İsraflı, lüks, gösterişe yönelik bir hayat bilgeliğe, ahlâka, vicdana aykırıdır.

Aşırı tüketim yaparak statü kazanmak isteyenler hiç de akıllı kimseler değildir. Ruh asaleti sahibi olanlar böyle şeylere tenezzül etmez.

Lüks bir evde yaşayan, lüks bir oto ile gezen, lüks yiyip içen niceleri vardır ki, çok alçak kimselerdir.

En iyisi, kimseye muhtaç olmayacak derecede orta halli bir hayattır. Mutluluk insanın dışında değil, içindedir. Mutluluk parayla satın alınmaz, lüks bir hayatla elde edilmez.

Halkımızı bu konuda eğitmek, bilhassa gençlerimizi aydınlatmak için “Küçük Mutluluklar” başlıklı bir kitapçık hazırlanıp yayınlanmalıdır. Bir simit ve bir bardak çay ile (yanında biraz beyaz peynir ve üç-beş zeytin) mutlu olunabilir.

Süleymaniye’de Kurufasulya

Geçenlerde Tahtakale’ye camcı-çerçeveci Mustafa beye gittim.

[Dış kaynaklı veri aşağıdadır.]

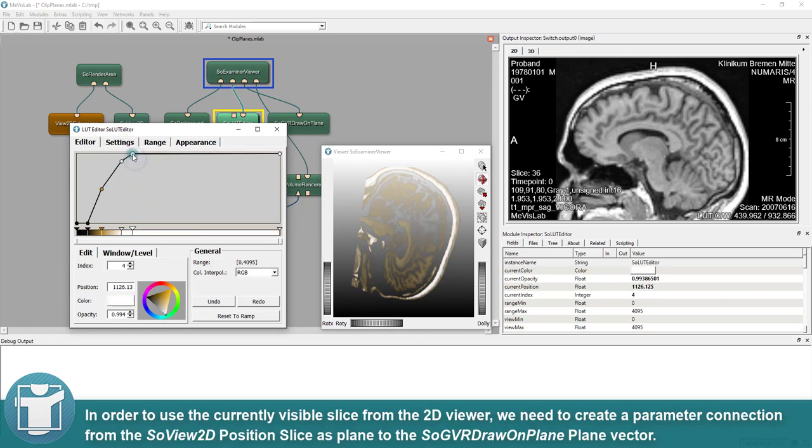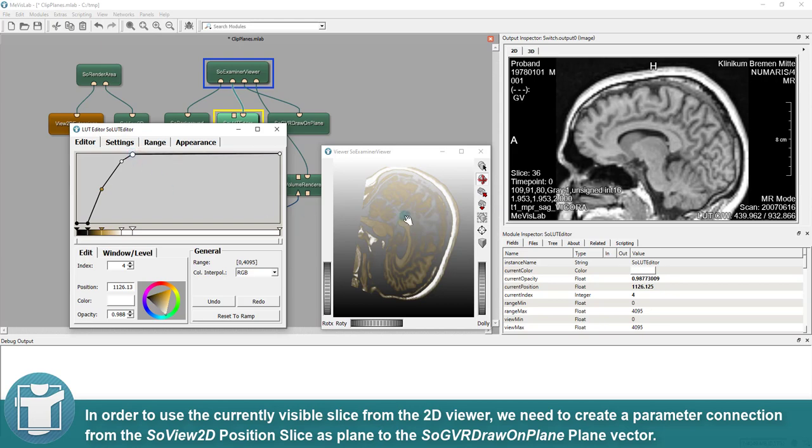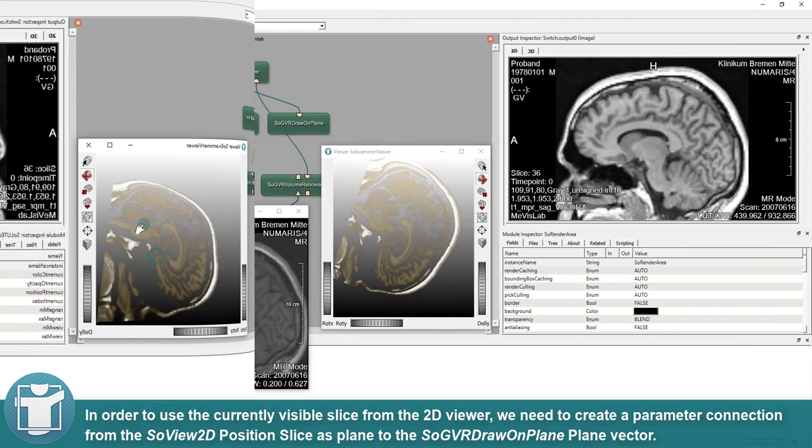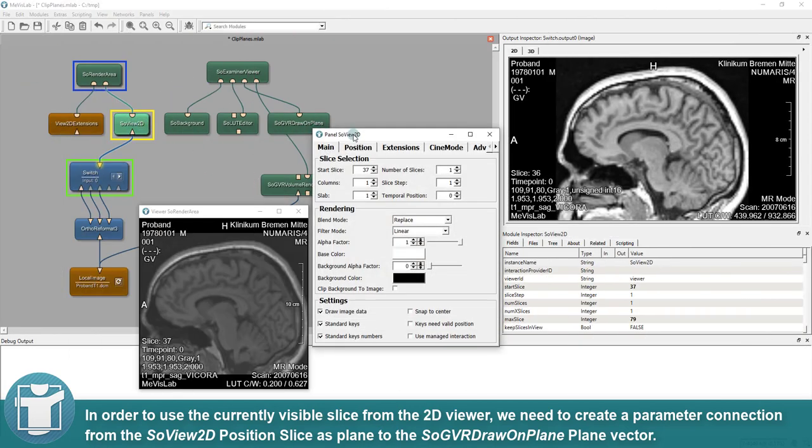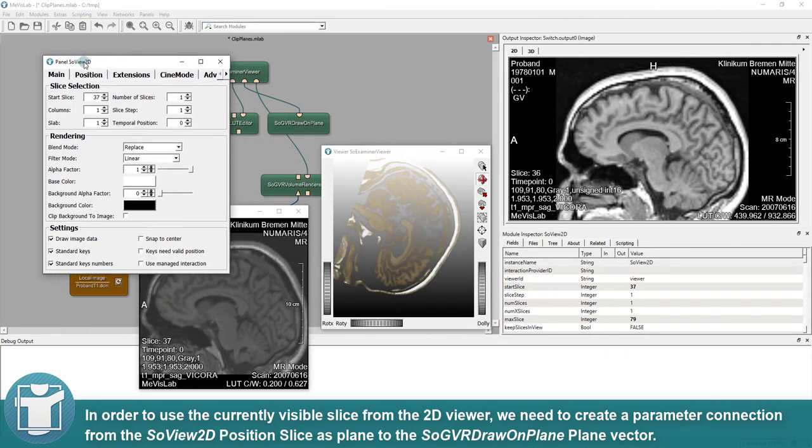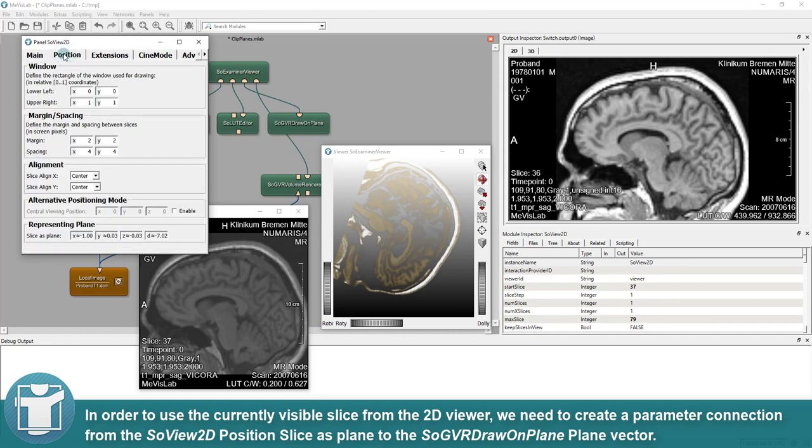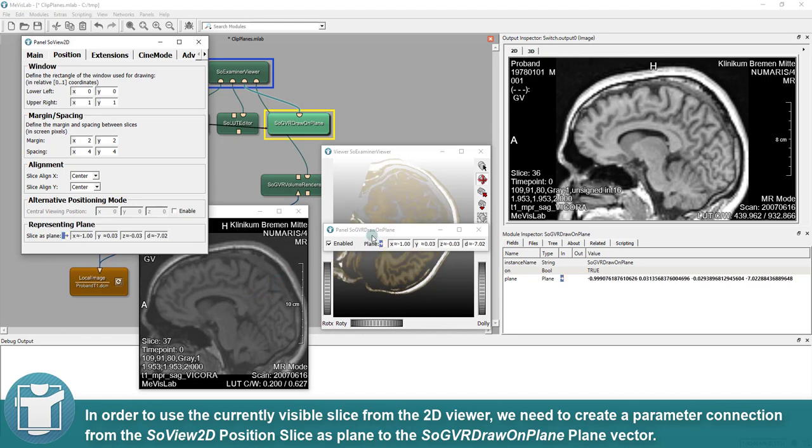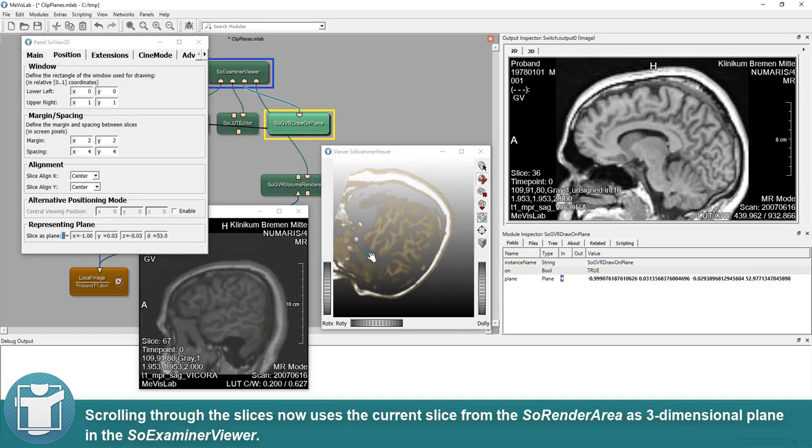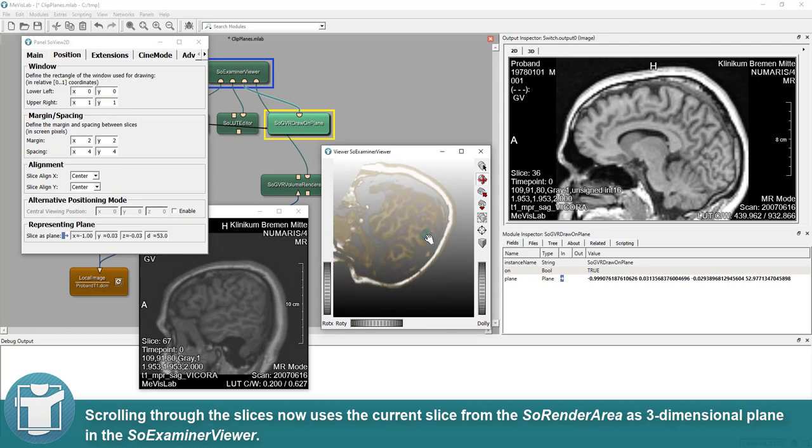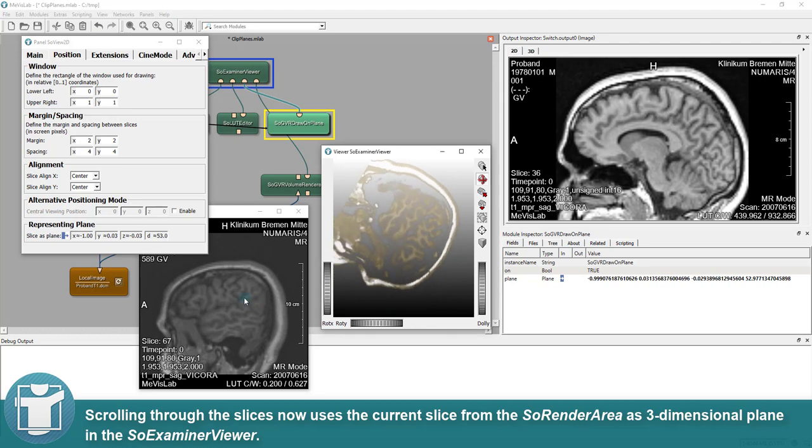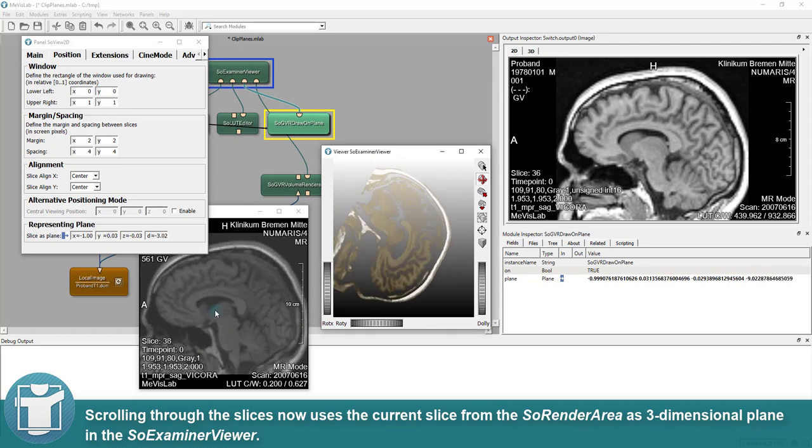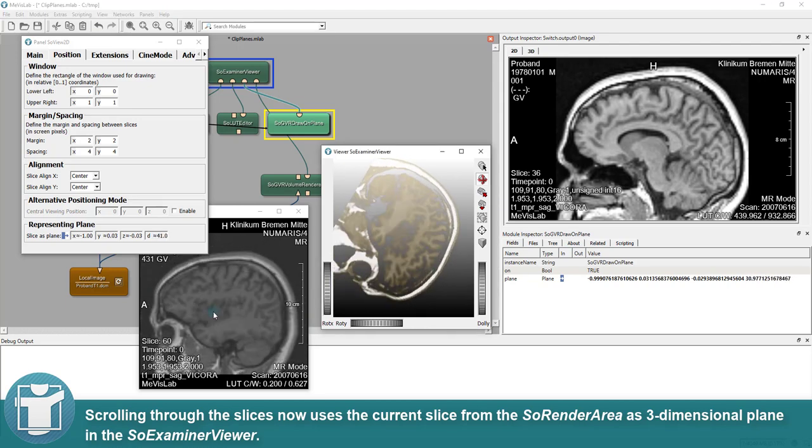In order to use the currently visible slice from the 2D viewer, we need to create a parameter connection from the SO View 2D Position Slice as Plane to the SO GVR Draw On Plane Vector. Scrolling through the slices now uses the current slice from the SO Render Area as a three-dimensional plane in the SO Examiner Viewer.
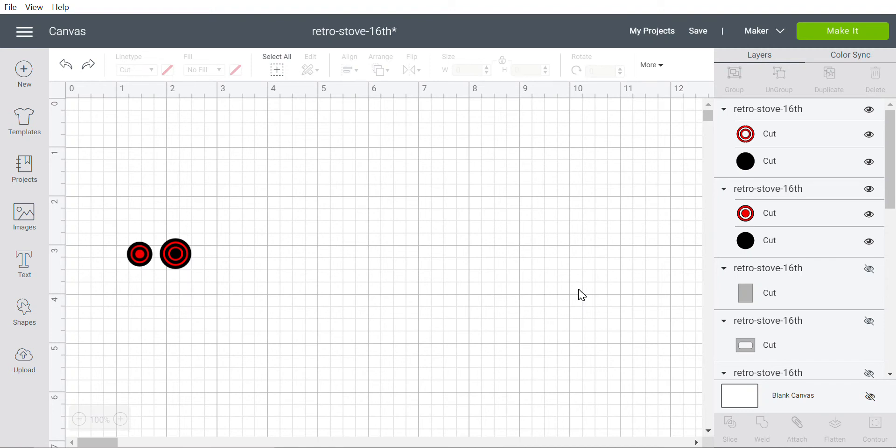Hi everyone, in this video I'm going to show you how you can change cut lines in Design Space into something else, such as engrave or score. In this example, I'm making electric burners for my retro stove, which is just a circle with scored lines in the middle.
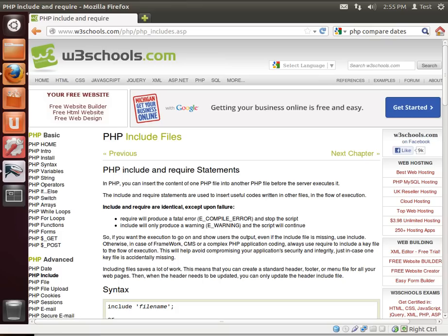Hey everybody, this is Brian and welcome to the 22nd LAMP tutorial. Today we're going to be discussing how to include files.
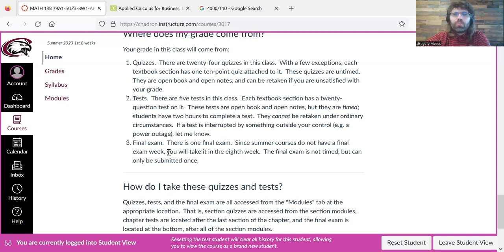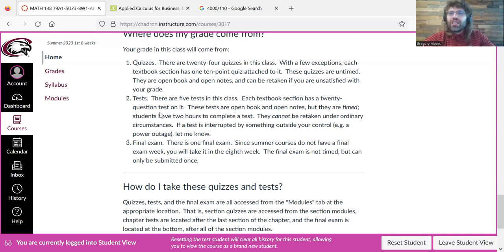Obviously, if you're taking a test and your child has a seizure and you have to call 911, or there's a power outage — when I say these can't be retaken, obviously I'm not including extreme situations like that.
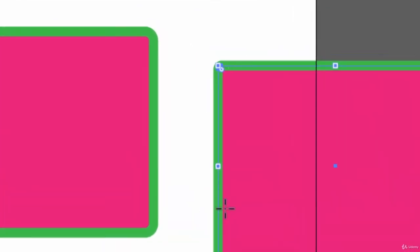So again, we have seen two ways by which we can create a rounded rectangle. Now in our next lecture, we will see how we can create a rectangle and a circle—yes, a circle—just by using the rounded rectangle tool.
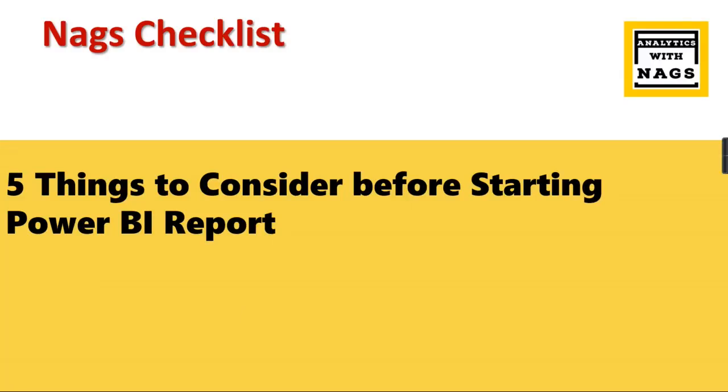Welcome to Analytics with Nags. This is a new set of videos where I'm going to share checklists that people should follow before doing certain tasks. For example, in this case, five things to consider before starting a Power BI report.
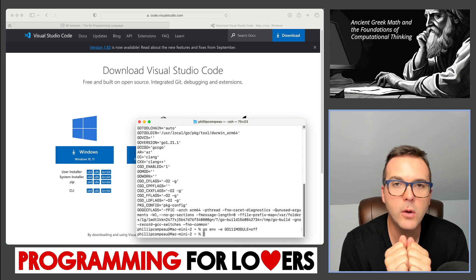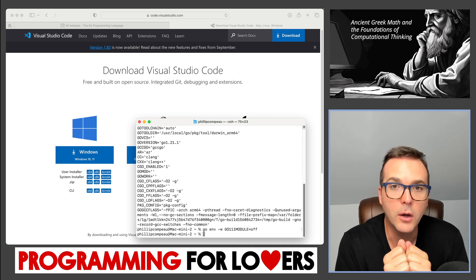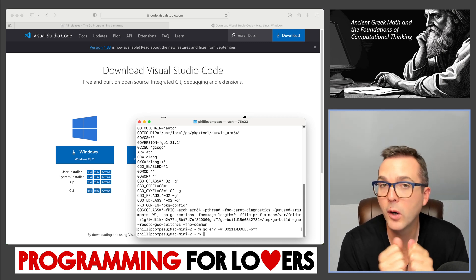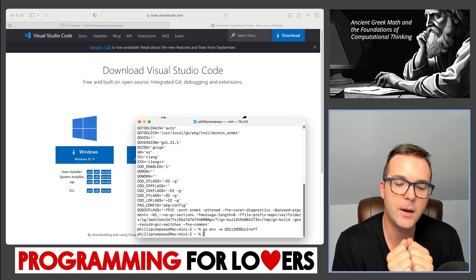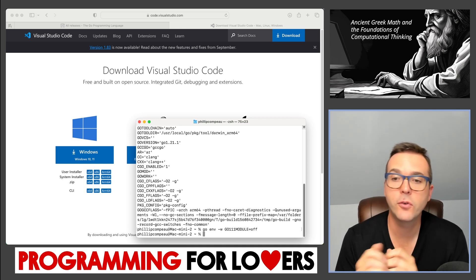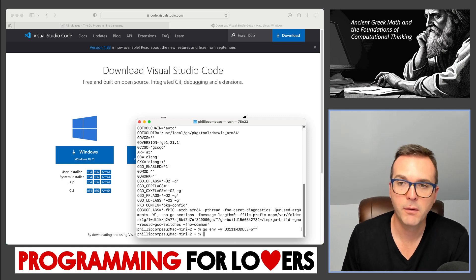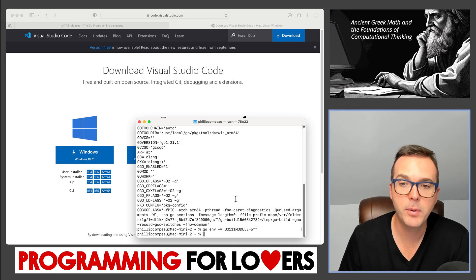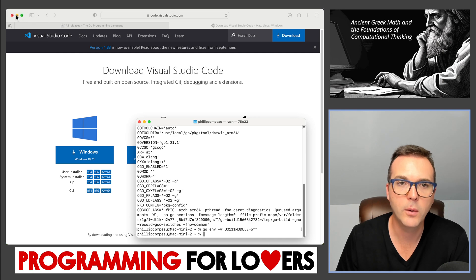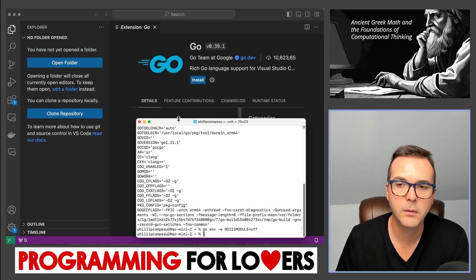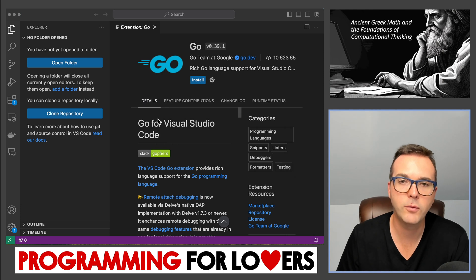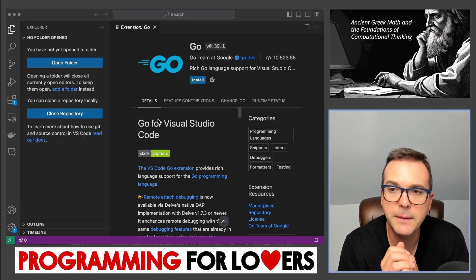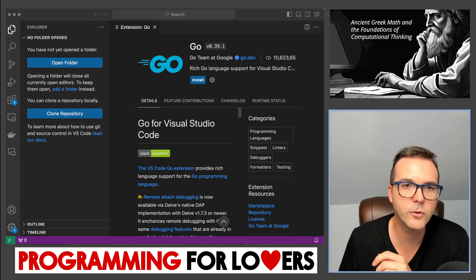Now that we know that we've installed Go and we've got it working and we know where Go is going to look for our code, now it's going to be time for us to write our first program, which means let's open up Visual Studio Code and take a look. So I'm going to close out my browser. And if you open up VS Code, you're going to see what we have here.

Çerçevelenmeleri için on adet çiçekli ebru ile altı hüsn-i hat verdim. Kırılmaz lüks lambası camı aradım, bulamadım. Öğle yemeğini yemek için Süleymaniye’ye çıktım. Eskiden beri orada çok güzel kurufasulya yapan bir lokanta vardır. Bir de yenisi açılmış, denemek için yeni açılana girdim. Kurufasulya nefisti. Dolu dolu bir tabak kaç liraydı tahmin edin. Sadece 1.5 YTL. Ekmek bedava. Yanında bir pilav, bir su, hepsi 3.5 lira.

Süleymaniye kütüphanesinin arkasında bir de sahhaf dükkanı var. Oradan beş kitap ile bir sanat dergisi aldım, evin yolunu tuttum. Öğleden sonra çayımı balkondan Marmarayı adaları seyrederek içeceğim.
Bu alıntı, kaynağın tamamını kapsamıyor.